Pas de fioritures, pas de tergiversations : le lecteur est immédiatement plongé dans une mare d’eau glacée, et les ondes créées par cette chute vont peu à peu assembler les éléments du décor. Au lecteur de surnager et de saisir l’information, jamais gratuite, toujours glissée dans un contexte dramatique.



Beaucoup de violence, mais comment pourrait-il en être autrement au sein de cette Amérique des années cinquante, où la population afro-américaine (pour utiliser le terme politiquement correcte de notre époque), envoyée au casse-pipe dans de lointaines contrées asiatiques, est traitée à son retour moins bien que des animaux?

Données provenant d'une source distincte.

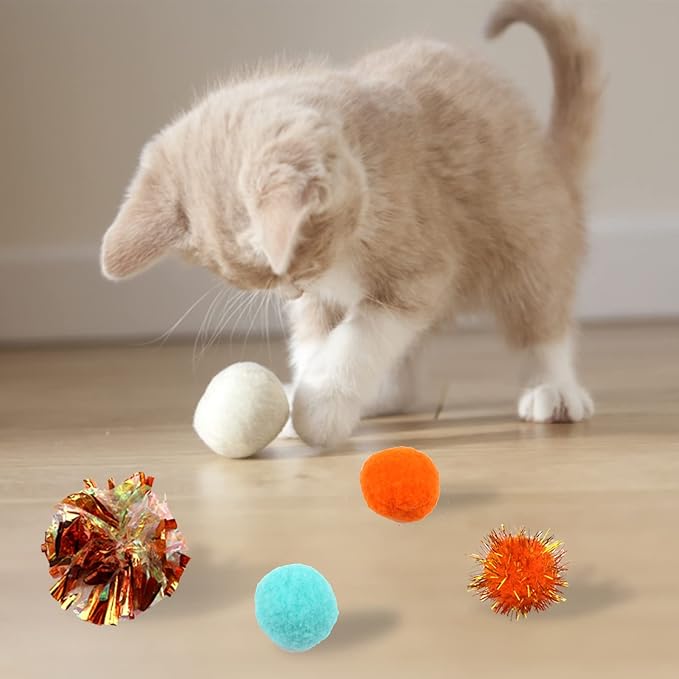 60 Pack Cat Toys - Assorted Kitten, Mouse, Crinkle & Pom Pom Balls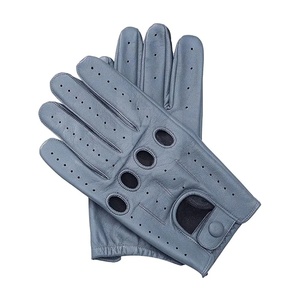 Gants de conduite en cuir de mouton noir de qualité supérieure, respirants, doigts perforés, sangle de poignet réglable pour hommes et femmes - Product Image 5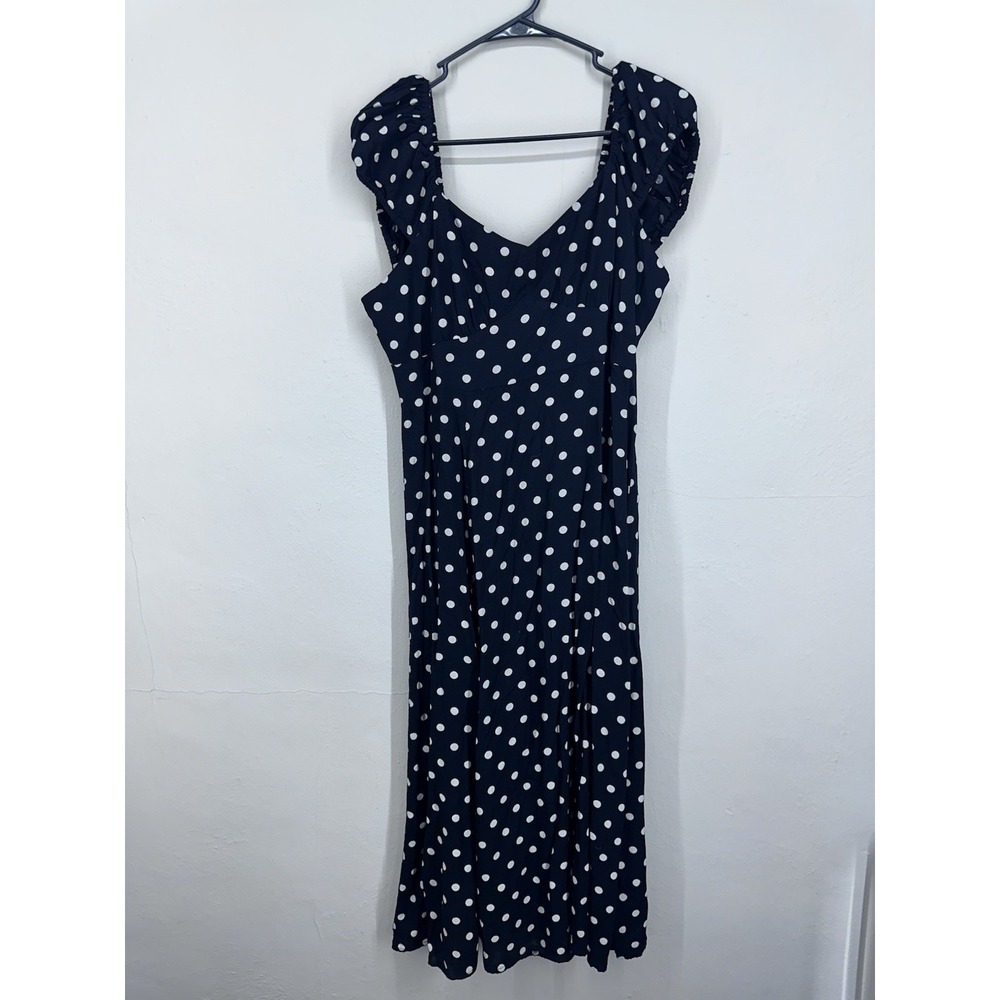 Coquette Puff Sleeve MEDIUM Black‎ White Polka Dot 40s Style Midi Sun Dress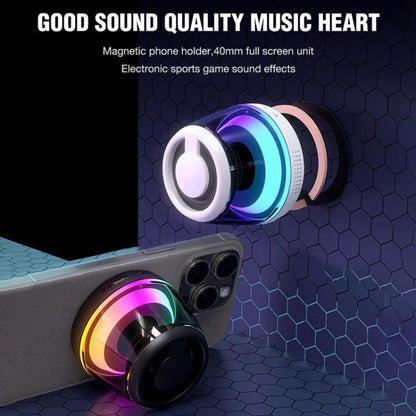 M2 Portable RGB Light Smart Bluetooth Speaker Magnetic Speaker Phone Holder(Black) - Mini Speaker by buy2fix | Online Shopping UK | buy2fix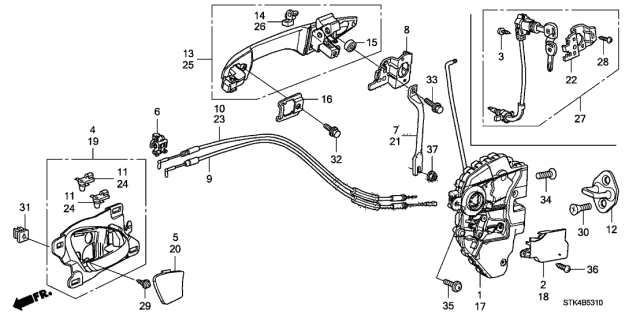 2011 Acura RDX Protector, Driver Side Door Latch Diagram for 72152SJK003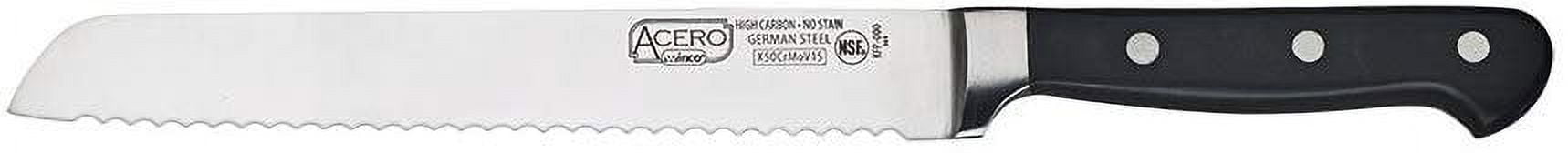 Acero 8" Black Handle High Carbon Steel Serrated Bread Knife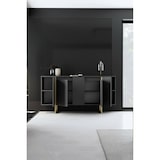 thumbnail of Dmora Credenza Dgarzitt, Buffet da soggiorno, Madia da salotto, Dispensa da cucina, 160x35h80 cm, Noce e Oro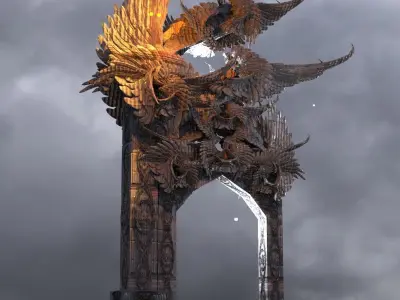 Steampunk Angel arch Grand 2 3D model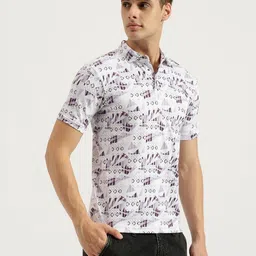 Mellow Clothing Men Geometric Printed Polo Collar Cotton Oversized T-shirt image 2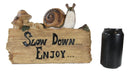 Helix Shell Snail By Mushrooms On Trunk Log With Slow Down Enjoy Sign Figurine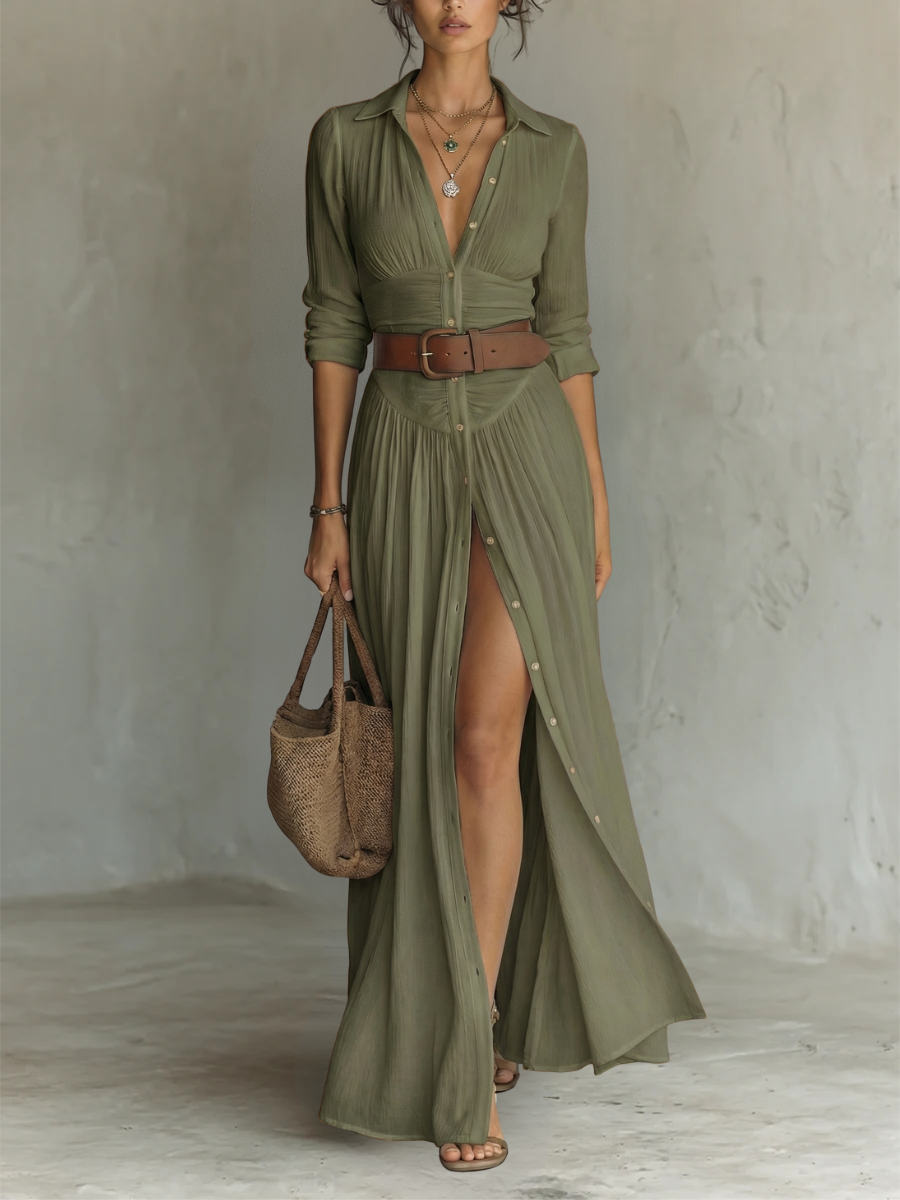 Cecilia | Vestido Largo de Lino con Cuello de Solapa y Manga Larga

C’est le portrait d’une Amérique, cruelle, inhumaine, que la beauté des paysages ne parvient pas à farder.



La construction, très condensée, fait alterner des souvenirs, en flash-back , qui peu à peu permettent d’élucider la complexité des relations entre les personnages, et le récit de Franck, ancien combattant qui se raccroche à la vie, obnubilé par la protection de sa jeune soeur.



Toni Morisson utilise une écriture percutante, au service de ce récit sans concession,

d’une grande intensité dramatique, ne laissant aucun répit au lecteur au cours de ces 120 pages.


Lien : http://kittylamouette.blogsp..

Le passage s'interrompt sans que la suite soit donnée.